Aside from the names for the items which are new to the Maya and the use of Spanish numbers mentioned in Sections 7 and 71, the Yucatecan Mayan language has stayed in remarkably good state of preservation despite the long continuous contacts with outside cultures. This can be seen in the modern short stories given in the Anthology section of this book. It is true that there are those speakers of the Mayan language today who tend to mix in a large Spanish vocabulary when speaking Mayan, with some people using up to or more than 25% Spanish. However, except for the things mentioned above it is almost always possible to find a perfectly good and well used Mayan word for most of the Spanish words interjected into the Mayan language.

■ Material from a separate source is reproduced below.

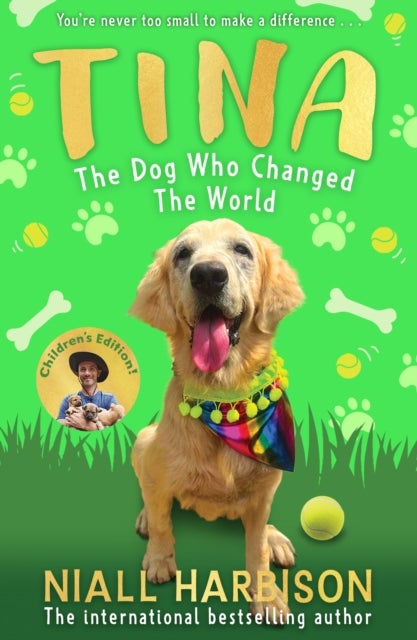 Tina: The Dog Who Changed the World (Children’s edition)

183. Spanish words used in Mayan usually suffer a tonal change as was mentioned about numbers in Section 7. Spanish words are also with some frequency mispronounced, especially those words which have in them letters which are not normally used in the Mayan language.
184. Spanish verbs are turned into Mayan verbs by tacking on the following suffixes:
|-tic, -tah, -mah, -te
|-, -nahi, -nahaan, -nac
|-taal, -tabi, -taan, -taac
Conpesar (to confess):
conpesartic, conpesartah, conpesarmah, conpesarte
conpesar, conpesarnahi, conpesarnahaan, conpesarnac
conpesartaal, conpesartabi, conpesartaan, conpesartaac
185. Spanish nouns are not altered except for pronunciation when brought into the Mayan language. However the method by which the plural of these nouns is formed is quite varied. In some instances just the Spanish plural form is used. In other instances the Mayan plural marker -oob is appended to the plural form of the Spanish noun. This is the preferred method. And finally in some instances the Spanish noun has the Mayan plural marker attached directly to it. It seems that the choice of which type of plural marker to use is subject to individual preference and not to some set of rules.